A new attack on the complex by a lone actor took the life of another U.S. Capitol police officer on Good Friday, a tragic reminder of the ongoing threat to the force itself and the lawmakers they sacrifice to protect.

While various congressional committees are investigating Jan. 6, there is no consensus for establishing a 9/11-style commission as the parties bicker over the rules and scope. NBC reported last month that lawmakers are “growing increasingly pessimistic that an agreement on establishing a commission can be reached,” and Sen. Roy Blunt, a GOP leader, said that his “instinct is it isn’t happening.”

Given the threat of future political violence, with the Capitol again as a target, a comprehensive review is necessary to ascertain the way the attack came together -- both spontaneously and through coordinated planning -- and why the compound was so vulnerable to the siege.

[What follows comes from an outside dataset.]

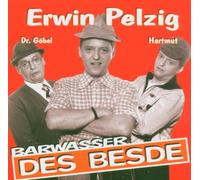 Barwasser - Erwin Pelzig-des Besde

Back in February, even Trump loyalist Sen. Lindsey Graham said he supported a full commission to learn what happened, ensure it can’t happen again, and “make sure the Capitol footprint is better defended” should there be another attack. His GOP colleague Sen. Bill Cassidy agreed, saying he wanted to know why there wasn’t adequate law enforcement present: “There should be a complete investigation about … what was known, who knew it, and when they knew it.”

The 9/11 commission, titled The National Commission on Terrorist Attacks Upon the United States, conducted interviews with more than 1,000 people, reviewed 2.5 million pages of documents and took two years. The group was evenly split between the parties, with equal subpoena power.

But House Speaker Nancy Pelosi wants to stack a Jan. 6 commission with more Democrats than Republicans. She has proposed President Biden appoint three members and then the four congressional leaders each name two, which would mean Democrats would have three more members than Republicans would have.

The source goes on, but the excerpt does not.